Google treats Maps as a free resource that it provides to the public. From their point of view, any problem that exists, if it can’t be handled at an engineering level really is not significant.
For users, there is an understanding that Maps is fulfilling a critical information role in our society and there is the underlying assumption of accuracy.
The interests of the user, the business and Google soon diverge quickly when innaccuracies show up in the system. It doesn’t matter whether the problem is caused by Google (think mergings) or by a third party (think hijacking), Google is going to see it as a statistical problem with a certain priority while the patient that went to the wrong emergency room or the business loosing income will view it as problem worthy of specific oversight and intervention.
Here was a post today in the Forums that is suggesting that Google should publicly and obviously recognize this difference with a Warning Label:
Shouldn’t Google post a visible warning to users about the merged information until it’s cleared up?
Google admits it’s a problem they are trying to fix but also says it could take some time.Our bed and breakfast listing shows our name, our competition’s address, our telephone number and our competition’s web address as well as their logo that links to their site.

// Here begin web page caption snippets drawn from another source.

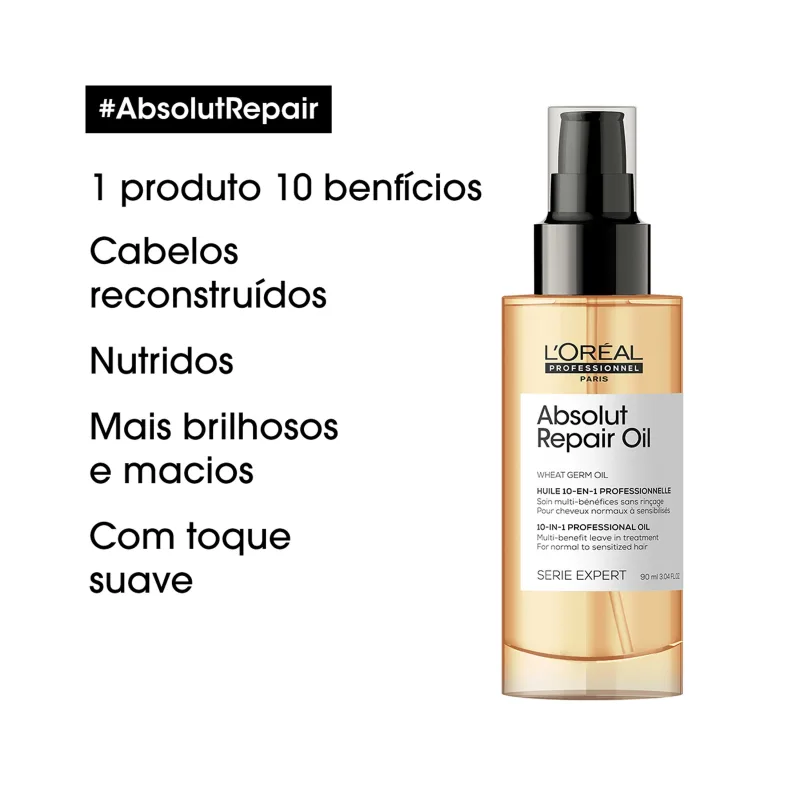 Óleo Reparador L'Oréal Absolut Repair Gold Quinoa 10 in 1 90ml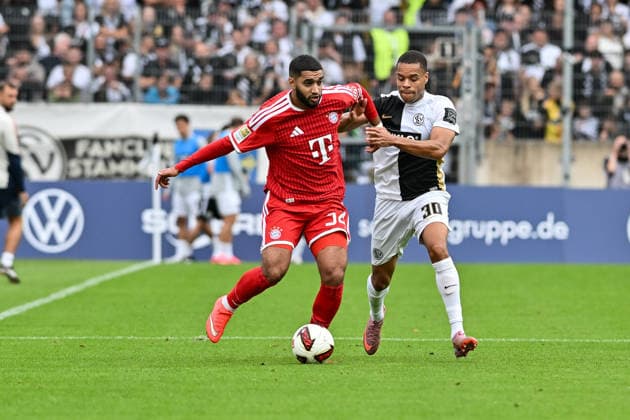 1 Bundesliga: SV Elversberg vs. FC Bayern Munich, September 13, 2026, ELVERSBERG, GERMANY, September 13: A duel between Ismael SAIBARI of FC Bayern Munich (34) and Jan GYAMERAH of SV Elversberg (30) during the Bundesliga match between SV Elversberg and FC Bayern Munich on Matchday 3 at the Ursapharm Arena on Kaiserlinde. DFL REGULATIONS PROHIBIT ANY USE OF PHOTOGRAPHS AS IMAGE SEQUENCES AND OR QUASI-VIDEO Copyright: xBEAUTIFULxSPORTS Goldbergx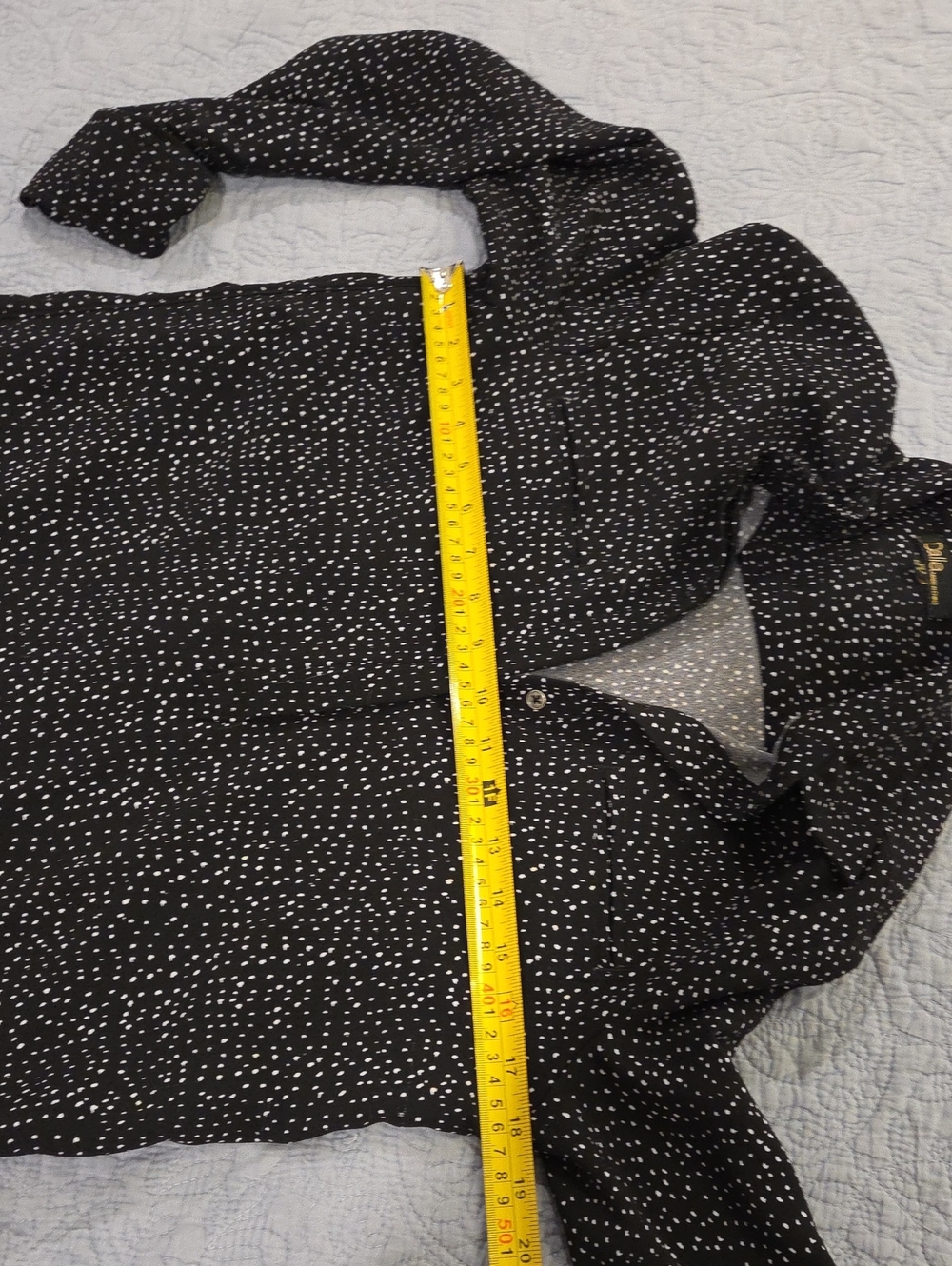 Dalia Black Long Sleeve Polka Dot Tunic Dress Size S! - Picture 6 of 8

The problem is over 90% of our business comes from our web site. We have received a few calls that were clearly addressing the rooms they saw for the other Inn, so we directed them there, but we couldn’t figure out why that was happening. It took two days and much reading to find that it was a problem Google was having. It seemed that information should have been a bit more accessible.

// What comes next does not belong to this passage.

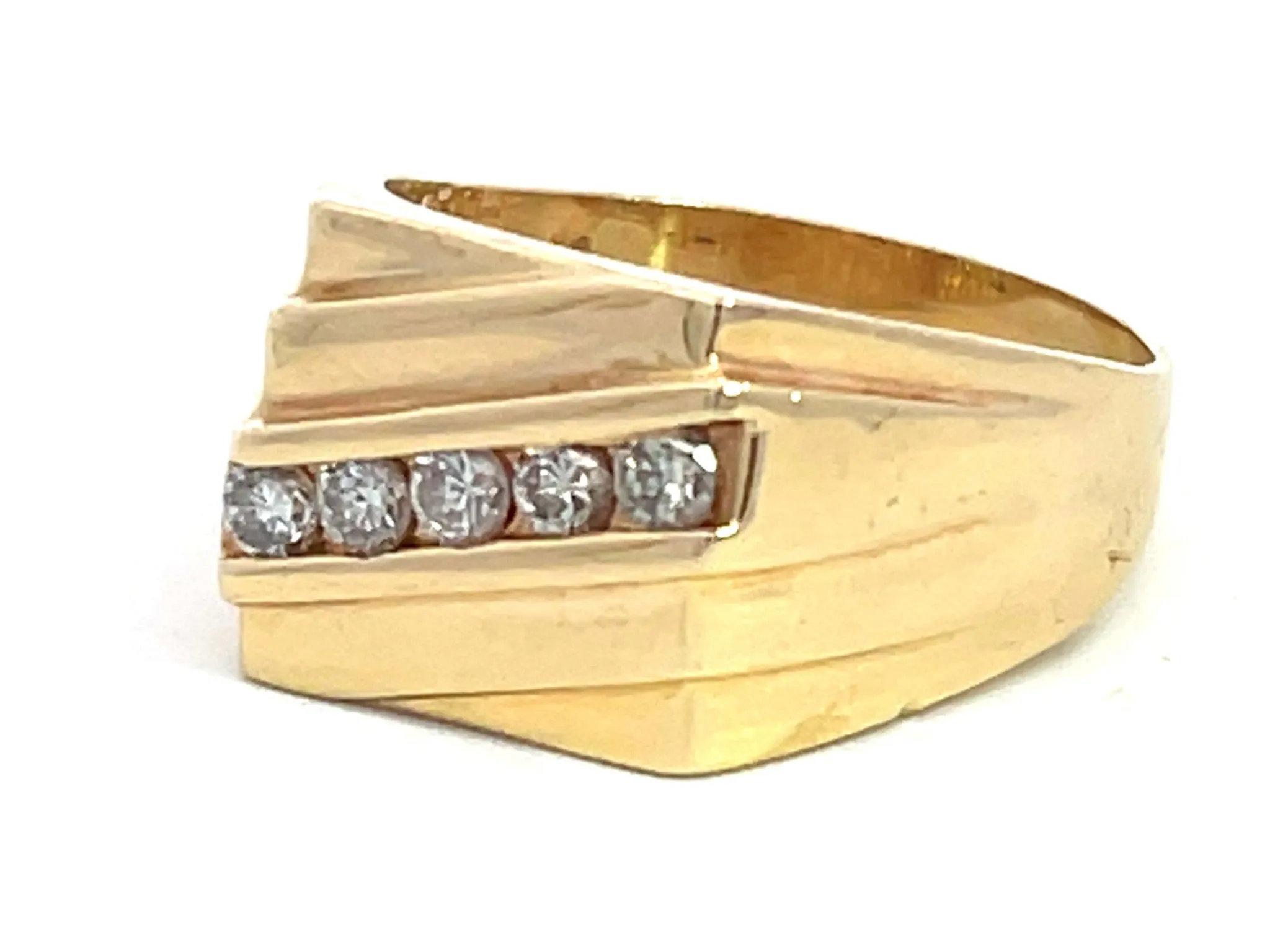 Mens Brilliant Cut 5 Diamond Ring in 14k Yellow Gold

And now, reading other people’s stories leads me to believe that Google should clearly post a warning to ALL users (not just those that have listings) that the Google Map information may not be accurate. This shouldn’t be taken lightly. Too many people rely on Internet information as if it’s infallible.
Google does place a warning on their driving directions:
These directions are for planning purposes only. You may find that construction projects, traffic, weather, or other events may cause conditions to differ from the map results, and you should plan your route accordingly. You must obey all signs or notices regarding your route.
Should Google include a Warning Label with Local Results?